Leoncio Rivas tiene los ojos grandes y el orinar espeso. Cuando va al casino con su mujer (En Veraluz se llama Casino, no al sitio de jugar, sino al club de socios de los que pueden llamarse destacados, donde se come, se bebe, se critica, se hace uno el encontradizo…) los presentes, como antiguamente, o tocan el ala de su sombrero o, si están descubiertos, manifiestan una breve inclinación. Porque los esposos son queridos y respetados entre la ciudadanía.
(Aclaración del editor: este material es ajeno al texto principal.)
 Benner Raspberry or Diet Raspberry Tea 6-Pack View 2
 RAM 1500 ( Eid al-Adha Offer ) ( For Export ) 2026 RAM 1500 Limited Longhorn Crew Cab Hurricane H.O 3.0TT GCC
Pero como todos tenemos alguna debilidad, Leoncio, que se había enriquecido con el trabajo de los demás en Tarragona, defendía a muerte todo aquello que fuese catalán o de Cataluña proviniera. Nunca aprendió el idioma; ni sus obreros, que eran andaluces o extremeños en general, tuvieron esa urgencia. Aun así, para destacar su predilección por aquellas tierras españolas, soltaba algún vocablo que le identificara como seguidor de Maragall.
Hoy, con sorna y sabiendo que tendrían con Leoncio discusión a la vista, le echaron en cara los tertulianos del Casino que, en la declaración de hacienda, sólo el 5,2 por ciento de los catalanes ponían la X en la casilla de la Iglesia. “No puede ser”, contestó Leoncio. Pero es, aunque allí casi todos se bautizan.